Toutefois, cette force vouée à susciter la surprise peut également être canalisée dans des situations de lecture courante. Les fonderies anglaises commencent dès les années 1820 à commercialiser des caractères gras de petit corps, dont l’usage restructure progressivement les multiples espaces de l’imprimé typographique : titres, sous-titres, entrées de dictionnaires… Chaque mot, chaque phrase composée dans un caractère plus fort que celui du texte instaure un balisage, constitue une constellation parallèle à l’intérieur de paragraphes foisonnants, complexes, invitant ainsi à une lecture a priori plus superficielle mais souvent orientée vers une synthèse claire de l’ensemble. Les manuels pédagogiques, les catalogues de vente par correspondance, les horaires de chemin de fer, les annonces publicitaires bénéficient des caractères gras, d’autant plus que leur qualité esthétique et leur homogénéité vont constamment s’améliorer.

À notre époque, il est inhabituel qu’une famille de caractères ne possède pas au moins plusieurs variantes de graisse : demi-gras, gras, noir… À l’opposé, elle peut aussi bien en comporter d’autres d’une allure plus légère, voire filiforme.
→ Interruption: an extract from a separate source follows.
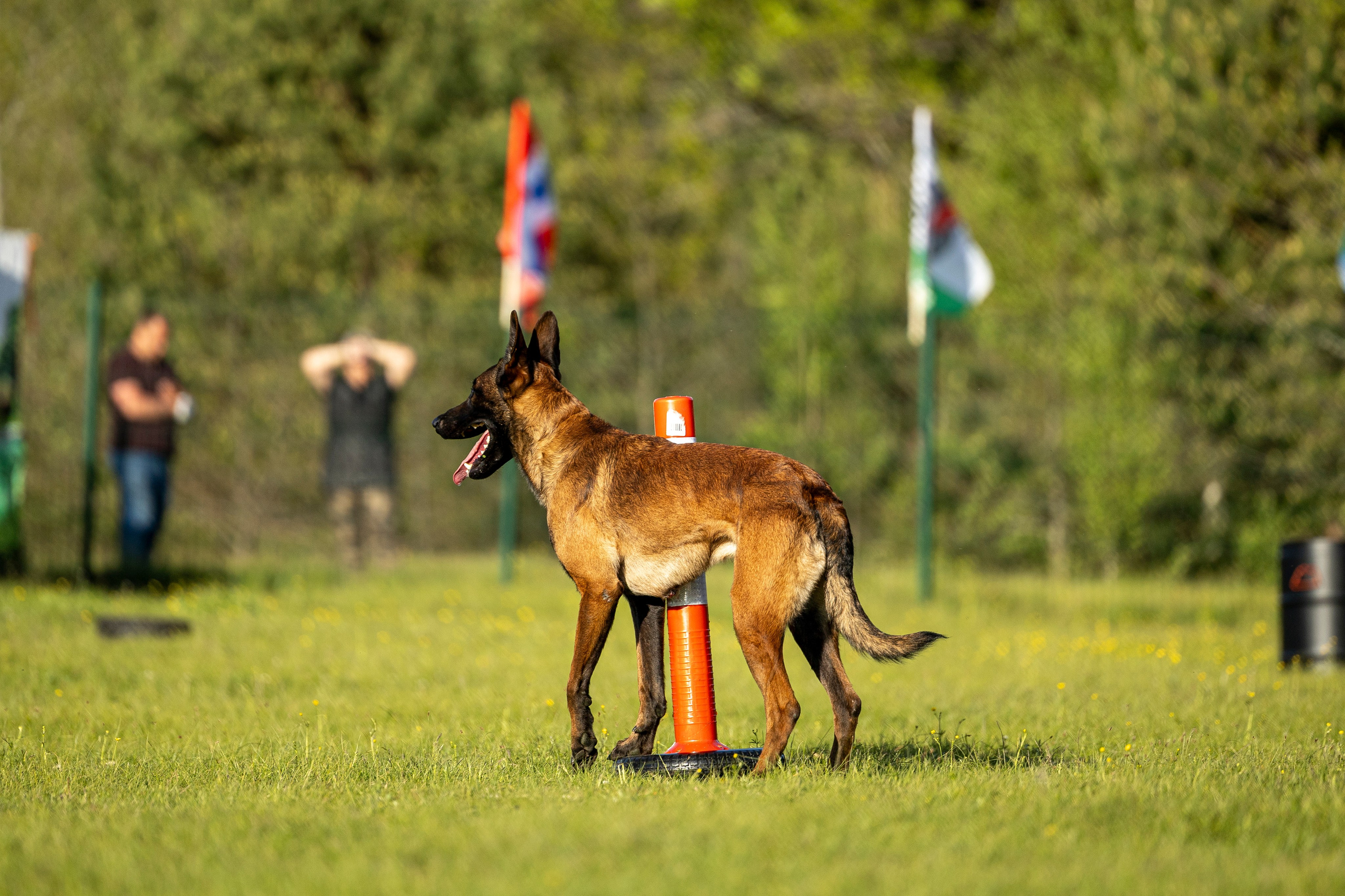 Испытания по мондьорингу в Нижнем Новгороде. Фотограф-анималист Анна Маринич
La lettre typographique peut exhiber son embonpoint ou se dénuder jusqu’à son dernier fil, passant d’un extrême à l’autre, obèse ou ténue : tout dépend vers quel côté tirer la LANGUE !

L’Infini gras est à coup sûr l’écho plus brut de décoffrage de l’Infini romain : les caractères gagnent en robustesse et en présence tout en conservant l’aspect initial. Ainsi, l’Infini gras remplit sans peine sa tâche d’indicateur au sein d’un paysage textuel, invite à colorer les mots d’une teinte exubérante, primesautière et, lorsqu’il est employé dans des corps plus gros, n’hésite pas à lâcher un coup de KLAXON tonitruant ou un troupeau d’éléphants dans le décor si besoin est.